Until it’s consistently near-zero, the compliance gap can create a risk of spending more time with AADV than with creating code by hand. Future explorations with AADV will involve me actively seeking to reduce it.

Not TDD

For those of you who are Test-Driven Development (TDD) practitioners (like me), you’ll note that CAX isn’t a highly-incremental approach like TDD. In TDD, you introduce one test at a time, usually representing the simplest possible case. You get it to pass, clean up the code, and move on to the next-simplest case.

The TDD cycle can provide numerous benefits. One of the most significant is that it creates the controls necessary for keeping the system’s code quality high via continual refactoring.

In contrast, when using CAX you seek to capture all possible cases for a given module or class as the first step, then let the LLM generate the entire solution (including tests). You forego the refactoring step—the premise is that you don’t really care much about the implementation details the more that you trust the auto-generated implementation.

The implications of that stance are huge. For AADV to work in a larger system, you still must understand good software design. You’ll want to ensure you’re atop key design concepts that have stood the test of time—particularly notions of creating small, closed modules.

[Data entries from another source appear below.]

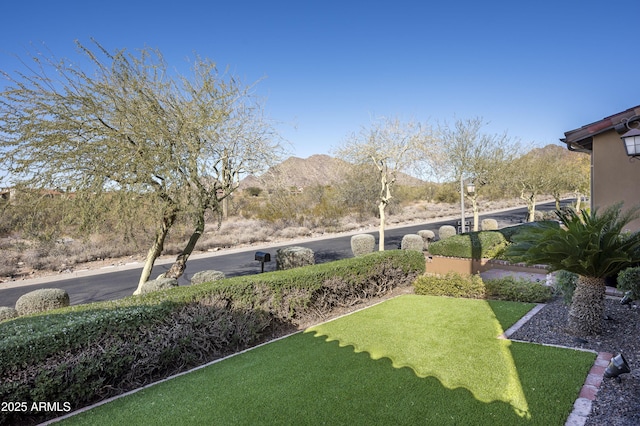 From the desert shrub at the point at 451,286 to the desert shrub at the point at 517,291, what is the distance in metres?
0.22

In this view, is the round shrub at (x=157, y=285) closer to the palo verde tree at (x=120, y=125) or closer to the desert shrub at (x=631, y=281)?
the palo verde tree at (x=120, y=125)

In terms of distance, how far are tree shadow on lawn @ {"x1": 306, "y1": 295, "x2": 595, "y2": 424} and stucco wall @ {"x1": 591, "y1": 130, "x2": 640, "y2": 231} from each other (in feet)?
13.4

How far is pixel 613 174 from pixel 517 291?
367 cm

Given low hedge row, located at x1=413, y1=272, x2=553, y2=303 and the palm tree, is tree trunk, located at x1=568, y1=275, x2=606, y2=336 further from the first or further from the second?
low hedge row, located at x1=413, y1=272, x2=553, y2=303

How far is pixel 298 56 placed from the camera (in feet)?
53.9

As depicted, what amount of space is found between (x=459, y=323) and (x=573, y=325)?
1705mm

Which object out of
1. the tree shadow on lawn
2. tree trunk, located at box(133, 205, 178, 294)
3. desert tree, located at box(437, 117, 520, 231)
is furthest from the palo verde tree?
desert tree, located at box(437, 117, 520, 231)

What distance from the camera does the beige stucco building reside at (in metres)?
8.29

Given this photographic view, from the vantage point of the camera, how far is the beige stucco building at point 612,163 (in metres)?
8.29

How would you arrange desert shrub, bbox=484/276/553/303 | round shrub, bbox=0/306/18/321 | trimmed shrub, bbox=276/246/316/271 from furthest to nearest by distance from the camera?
trimmed shrub, bbox=276/246/316/271 → desert shrub, bbox=484/276/553/303 → round shrub, bbox=0/306/18/321

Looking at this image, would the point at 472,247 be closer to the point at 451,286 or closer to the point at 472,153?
the point at 451,286

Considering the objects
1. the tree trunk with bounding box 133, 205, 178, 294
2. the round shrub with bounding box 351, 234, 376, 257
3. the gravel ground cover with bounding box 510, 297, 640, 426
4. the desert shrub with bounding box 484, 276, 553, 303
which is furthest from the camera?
the round shrub with bounding box 351, 234, 376, 257

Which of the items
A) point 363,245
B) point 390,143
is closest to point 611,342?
point 363,245

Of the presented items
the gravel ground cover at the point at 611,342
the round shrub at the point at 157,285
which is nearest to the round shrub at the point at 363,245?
the gravel ground cover at the point at 611,342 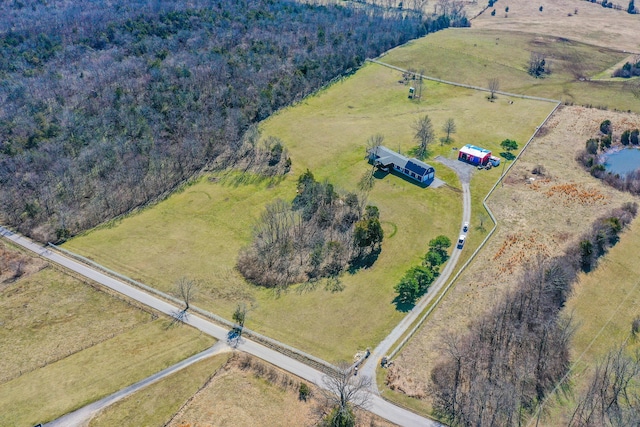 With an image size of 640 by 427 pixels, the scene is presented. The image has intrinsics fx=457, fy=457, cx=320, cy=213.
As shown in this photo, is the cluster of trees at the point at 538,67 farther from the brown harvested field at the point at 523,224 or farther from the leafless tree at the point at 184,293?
the leafless tree at the point at 184,293

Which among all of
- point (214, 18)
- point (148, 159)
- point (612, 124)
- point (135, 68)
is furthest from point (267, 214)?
→ point (214, 18)

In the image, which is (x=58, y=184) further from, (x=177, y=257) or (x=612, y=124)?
(x=612, y=124)

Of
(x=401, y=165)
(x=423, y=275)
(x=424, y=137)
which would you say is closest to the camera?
(x=423, y=275)

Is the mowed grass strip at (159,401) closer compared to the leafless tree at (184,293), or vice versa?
the mowed grass strip at (159,401)

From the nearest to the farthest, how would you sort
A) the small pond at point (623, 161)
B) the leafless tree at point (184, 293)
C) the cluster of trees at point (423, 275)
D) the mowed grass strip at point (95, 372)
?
A: the mowed grass strip at point (95, 372) < the leafless tree at point (184, 293) < the cluster of trees at point (423, 275) < the small pond at point (623, 161)

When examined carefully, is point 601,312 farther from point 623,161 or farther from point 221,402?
point 623,161

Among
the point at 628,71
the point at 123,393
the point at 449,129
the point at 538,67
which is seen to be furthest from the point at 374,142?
the point at 628,71

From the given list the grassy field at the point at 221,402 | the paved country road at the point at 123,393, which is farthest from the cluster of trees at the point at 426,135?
the grassy field at the point at 221,402

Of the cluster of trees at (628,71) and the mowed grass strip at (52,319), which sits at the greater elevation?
the cluster of trees at (628,71) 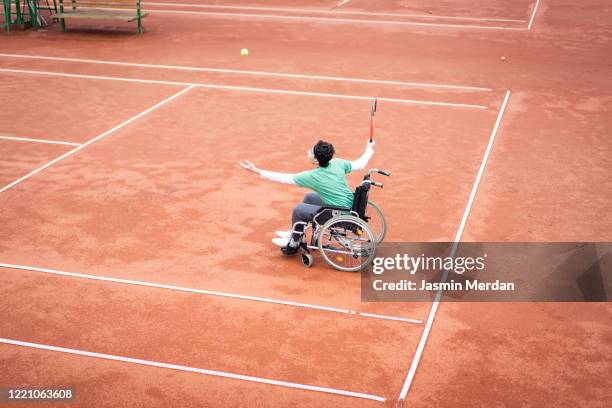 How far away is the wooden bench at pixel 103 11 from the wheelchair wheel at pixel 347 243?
42.7ft

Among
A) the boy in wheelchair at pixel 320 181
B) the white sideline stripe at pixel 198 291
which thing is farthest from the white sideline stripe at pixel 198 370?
the boy in wheelchair at pixel 320 181

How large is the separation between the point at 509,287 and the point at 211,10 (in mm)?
17635

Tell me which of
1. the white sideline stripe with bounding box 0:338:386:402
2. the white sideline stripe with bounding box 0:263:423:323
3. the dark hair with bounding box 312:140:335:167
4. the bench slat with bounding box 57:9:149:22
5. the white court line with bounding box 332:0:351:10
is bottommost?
the white sideline stripe with bounding box 0:338:386:402

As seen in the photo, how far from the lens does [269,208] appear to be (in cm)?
899

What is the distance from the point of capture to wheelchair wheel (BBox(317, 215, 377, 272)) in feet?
23.4

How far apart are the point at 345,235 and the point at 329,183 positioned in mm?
554

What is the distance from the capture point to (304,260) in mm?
7574

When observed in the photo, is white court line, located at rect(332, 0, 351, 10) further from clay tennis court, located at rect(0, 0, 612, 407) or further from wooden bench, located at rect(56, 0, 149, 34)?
wooden bench, located at rect(56, 0, 149, 34)

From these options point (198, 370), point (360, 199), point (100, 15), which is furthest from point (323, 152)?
point (100, 15)

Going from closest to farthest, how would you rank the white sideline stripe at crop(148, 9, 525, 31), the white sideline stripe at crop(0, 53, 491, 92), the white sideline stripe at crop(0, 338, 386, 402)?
the white sideline stripe at crop(0, 338, 386, 402), the white sideline stripe at crop(0, 53, 491, 92), the white sideline stripe at crop(148, 9, 525, 31)

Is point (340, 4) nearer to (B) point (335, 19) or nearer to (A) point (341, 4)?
(A) point (341, 4)

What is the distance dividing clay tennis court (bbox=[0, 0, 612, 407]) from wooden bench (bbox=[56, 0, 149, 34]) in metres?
0.62

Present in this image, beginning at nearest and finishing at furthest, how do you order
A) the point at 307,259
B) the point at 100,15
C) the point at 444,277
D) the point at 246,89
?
the point at 444,277, the point at 307,259, the point at 246,89, the point at 100,15

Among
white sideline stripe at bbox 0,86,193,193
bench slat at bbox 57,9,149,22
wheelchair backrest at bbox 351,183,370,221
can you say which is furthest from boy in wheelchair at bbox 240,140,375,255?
bench slat at bbox 57,9,149,22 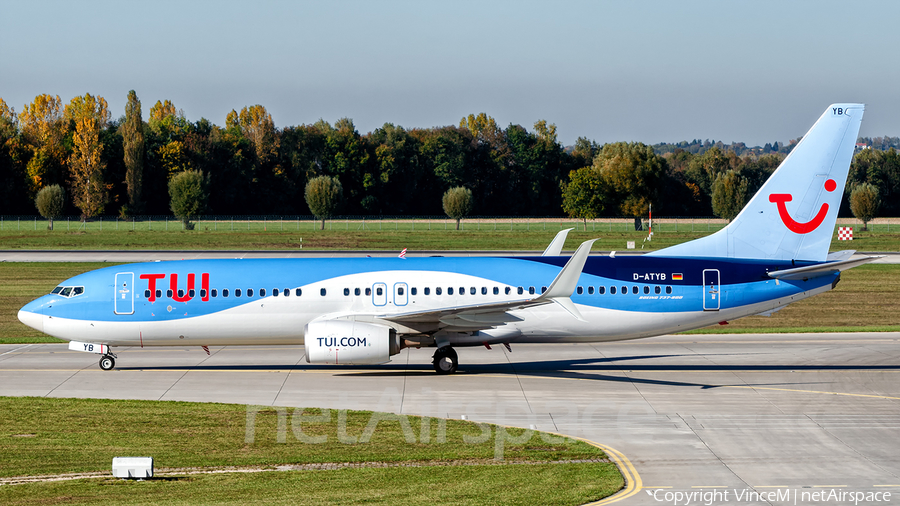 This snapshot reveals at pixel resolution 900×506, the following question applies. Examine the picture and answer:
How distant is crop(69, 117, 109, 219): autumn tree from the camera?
125750 mm

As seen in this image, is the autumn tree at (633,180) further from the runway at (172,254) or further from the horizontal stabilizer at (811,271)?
the horizontal stabilizer at (811,271)

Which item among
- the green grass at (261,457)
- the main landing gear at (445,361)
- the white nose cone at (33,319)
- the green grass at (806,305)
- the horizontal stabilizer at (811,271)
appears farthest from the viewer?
the green grass at (806,305)

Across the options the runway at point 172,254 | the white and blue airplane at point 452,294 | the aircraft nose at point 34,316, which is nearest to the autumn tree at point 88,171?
the runway at point 172,254

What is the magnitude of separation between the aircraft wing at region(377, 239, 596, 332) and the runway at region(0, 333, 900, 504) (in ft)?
5.63

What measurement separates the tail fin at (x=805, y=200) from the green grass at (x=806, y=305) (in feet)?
34.0

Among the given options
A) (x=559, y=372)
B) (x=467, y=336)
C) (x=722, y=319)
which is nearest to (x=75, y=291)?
(x=467, y=336)

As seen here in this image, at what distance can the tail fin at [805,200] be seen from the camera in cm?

Technically, you’ve learned all you need to know about the CAX cycle itself, and you could figure out the rest on your own.

However, AADV is a bigger thing. It encompasses CAX, appropriate style guidelines, approaches to providing examples, design considerations, and other topics.

Despite having your LLM do a lot of dirty work, you will remain a developer when you use AADV. Success—being able to continually deliver quality software product—still requires numerous software development and engineering skills.

As such, there won’t be a shortage of AI Code Complete posts to come, as I continue to explore AADV.

Next Up

You’ll see a slightly beefier example of CAX, and this time not a “known quantity.”

1

I am writing all posts for AI Code Correct from scratch, with freshly-generated tests + code, even if I’ve already tried some of these examples before. This will help me track with model advances, for one. Here, I was pleasantly surprised with what was generated with the test for 100—providing three assertions to both describe and spot-check a longer sequence seemed a thoughtful, reasonable solution.

Comments

[Tsvetan Tsvetanov]

Do I understand correctly that with this approach refactoring becomes irrelevant? Or we should still take care of that but not on a function level, but on a module level instead?